2. Description of the optical system

In our previous work, we found that the pyramid-based concentrator gives the more uniform irradiance distribution and the high optical efficiency whatever the used material, and the largest tolerance angle.

As primary optical element (POE), we choose the flat circular Fresnel lens which is characterized by its diameter d, its focal length f, its f number, F/# and its θ is the opening angle defined by:

\[ \frac{F}{\#}=\frac{f}{d} \]
\[ \tan{\theta=\frac{d}{2f}} \]

The pyramid (Fig. 2) is a secondary optical element which is inspired from the cone with a rather rectangular shape.

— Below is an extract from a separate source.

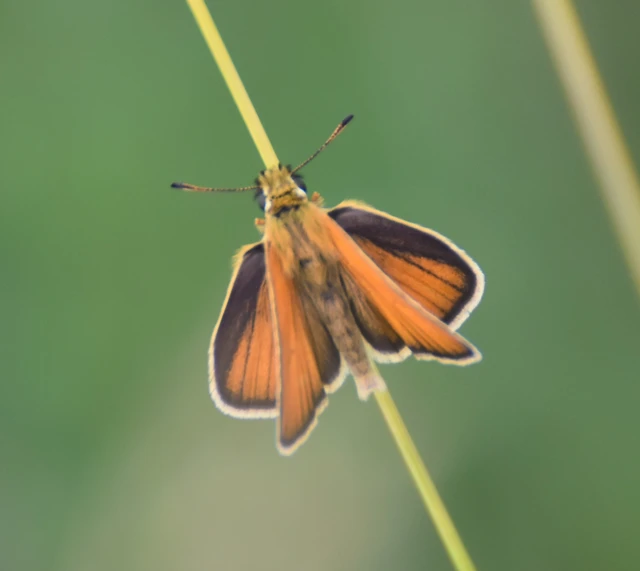 Thymelicus lineola - vonalas busalepke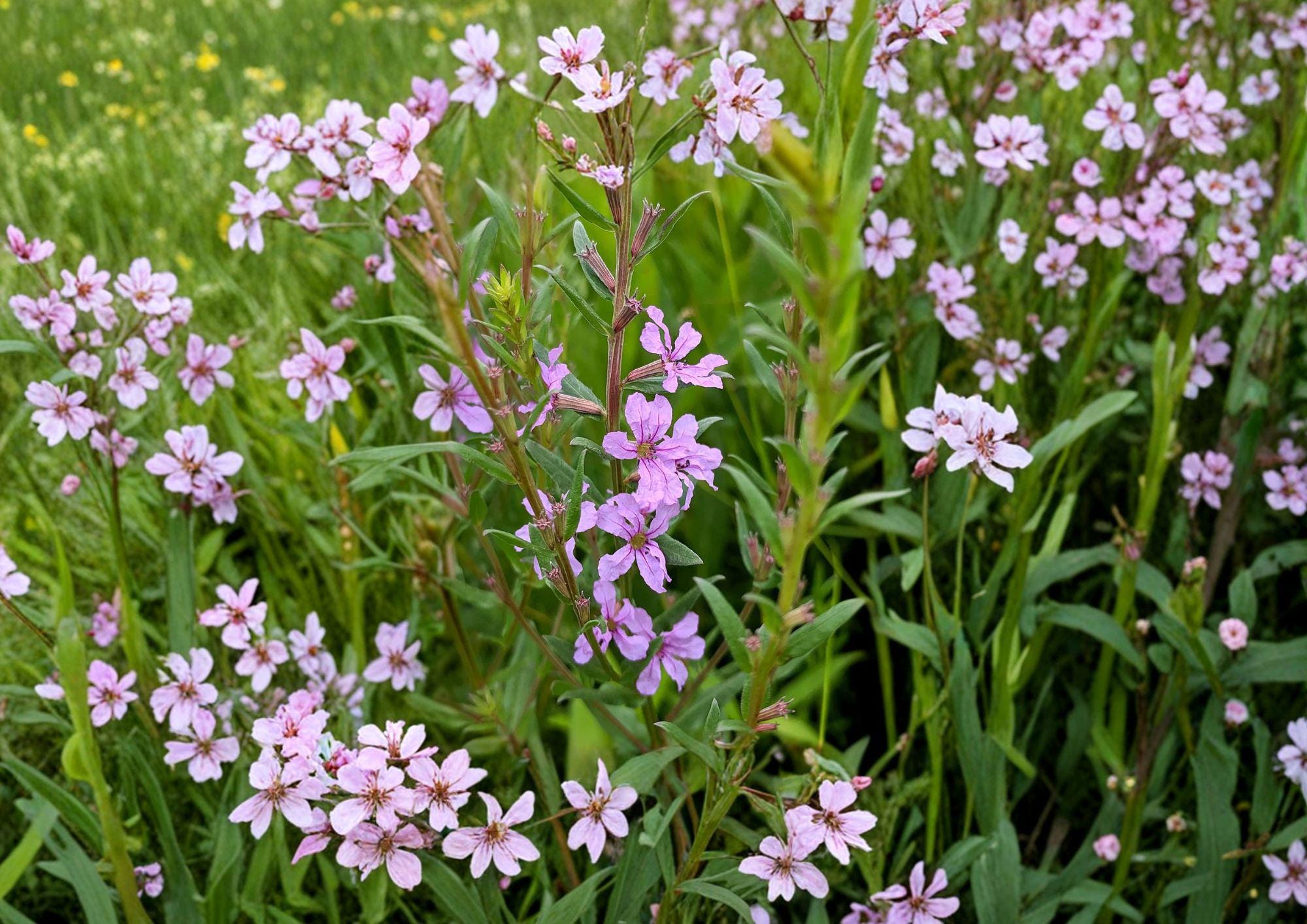Winged Loosestrife Seeds – Native Pink Purple Wildflower for Rain Gardens, Pond Edges, Lythrum alatum, Perennial, Wetland Plant Seeds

It is defined by the output and input radius a, and A, the output and input angle θf and θi, the angle of pyramid α and its length H. The length of the pyramid is dependent on the number of ray reflections, n:

\[ \theta_f=\theta_i+2n\alpha \]
\[ A=a+\sum_{n=1}^{n_{max}}a_n \]
\[ L=\frac{A-a}{\tan{\alpha}} \]

The whole concentration ratio of each CPV system is given:

\[ C=ղ×C_{geo} \]

where Cgeo denotes the geometrical concentration and ղ the optical efficiency. Those parameters are respectively given by:

\[ ղ =\frac{P_{out}}{P_{in}} \]
\[ C_{geo}=\frac{A_{in}}{A_{out}} \]

Figure 2

Schematic view of pyramid (a) 2D and (b) 3D.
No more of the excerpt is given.